On the mudflats
By JENNIFER KELLY Special to the NEWS
“Mudflats. Hmph. I wouldn’t live at Warm Beach if you paid me. Grade three waterfront,” said a “friend” several years ago to me.
(I have no idea what Grade Two is!)
I was incredulous. “You mean you don’t like mudflats? That’s half the fun of living here!”
People’s reaction to our mudflats is interesting. You either love ‘em or hate ‘em. My Uncle Hutch, who bought a place at Lake Sammamish in the early 1950s, just could not understand my dad’s love of the place. He kept protesting, “Your boat is high and dry fifty percent of the time, Jim. I don’t get it.”
I guess what people don’t get is the mudflats represent a different kind of beach life. True. You don’t get to take your boat out whenever you want. You have to really watch and know the tide for any boating you do.
But again, that’s what makes us Warm Beachers.
Ask about anyone who lives here, especially in the summer, when high and low tide is on any particular day, and they can tell you.
The mudflats for me were where I had some of the most fun times of my youth.
For one thing, I have never been to an area where there is more space.
It’s like you’re totally free—you can run and run for miles, and other than an occasional river channel you might have to cross, you can walk and walk or run, and still see where home is.
You have to be smart about it though.
If you get out too far, you can get stuck by the water, and there has been more than one “tourist” who has gone out there and had to be rescued by a “native.”
It only takes six hours to go from high to low tide and vice versa. If you do get trapped out there when the tide comes in, you have to remember to walk north, not straight in.
Those of us who live here feel a bit of superiority over the rest of world, in that we understand our flats.
Without fail, almost every spring and summer, a big boat, probably from Seattle or thereabouts, comes flying up the bay with the motors going full bore and we all watch from our yards, thinking, “I wonder when this one is gonna stop.”
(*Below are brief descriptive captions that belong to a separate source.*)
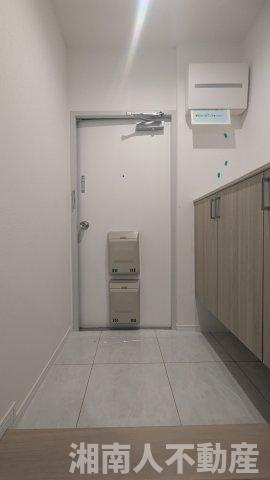 コーポ鵠沼B棟の玄関|明るい玄関です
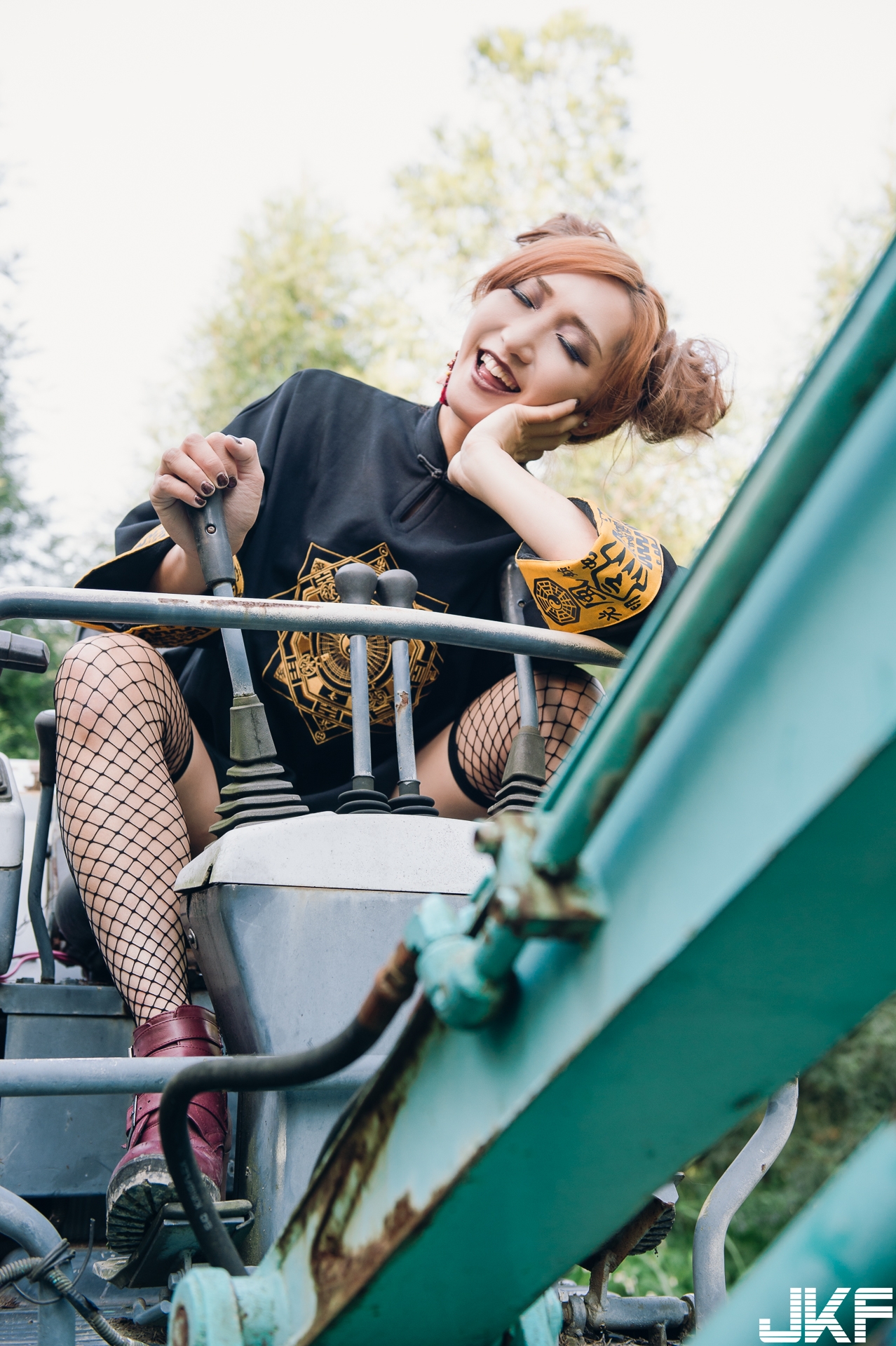 阿飄哪有這麼辣！「排球女神」尺度全開的清明特輯，荒郊野外的性感小妖怪！
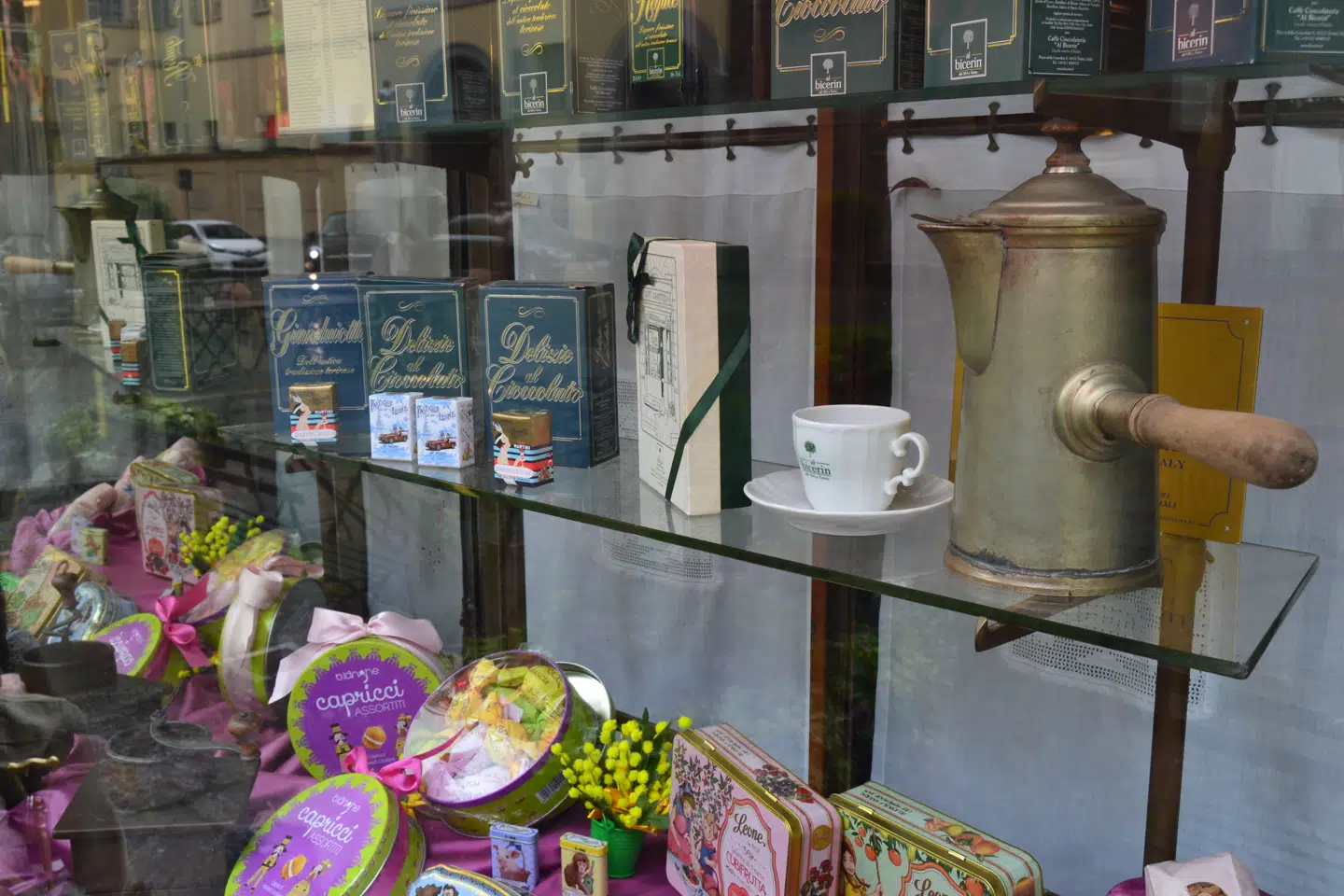 Der er blevet serveret kager, konfekture, kaffe og små kopper flydende chokolade på Caffè al Bicein siden 1763.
Then we invariably hear a high-pitched whirr of their motor, and they’re stuck, usually for the day, on an out-going tide.
My dear husband often walks out to offer a hand, after I sniff, “They should have known better,” (he hasn’t lived here as long as I have) and offers them a phone or some kind of assistance. One time he brought in a “stuck” family and drove them to Kayak Park to wait out the tide in their camp.
When I was between the ages of 6 to 10, the neighborhood kids and I used to play for hours in the mudflats. One of our favorite games was to build a mud boat out on the flats, where we would draw the outline of a dinghy in the sandy mud, and then proceed to build the “walls” of the boat up around us with the mud. The kid whose boat was last to fill up as the tide rolled in, was “the winner.” The prize was the pride felt just knowing you were the superior mudflat engineer for the day.
We also built mudflat cities creating mud houses with streets and river tributaries running through them with trees and bushes made of sticks and seaweed. I always thought those trees looked like palm trees, and my city was in the tropics and so beautiful.
We’d take sticks and draw baseball diamonds in the flats and play baseball out there with plastic balls and bats. Even our parents would get in on the game and we’d play as long as we possibly could. Sometimes running the bases in two feet of water, as the tide always gulped up our “field.”
We’d also play a game where we would draw a big circle in the flats, again with a stick, and then draw two lines splitting the circle in half like a bull’s eye target, and we would play “Tag, you’re it” with the stipulation that you had to stay on the lines when “It” was after you. The center of the crossed lines was “safe,” but you could only stay there until the next person ran to it.
There is also no better place for dogs.
Watching our dogs run with pure unadulterated joy on those flats just makes me cry from happiness.
A neighbor, Loren Larsen, who moved to Warm Beach a couple of years ago, never saw the tide flats when he was buying his house. He walks the beach everyday with his boxer, Gladys, and he said to me when I first met him, “You know, I couldn’t believe it when I saw the mudflats. They’re such a bonus!”
And if we didn’t have our mudflats, we wouldn’t have the warm water that makes Warm Beach, well, Warm Beach!
I love the days when the summer sun heats up those flats and the water comes in “like bath water,” as my mom used to say.
My life has gone on, on the mudflats of Warm Beach. I can’t imagine it any other way.
Grade three waterfront? Puhleez! Grade A plus, number 1 if you ask me!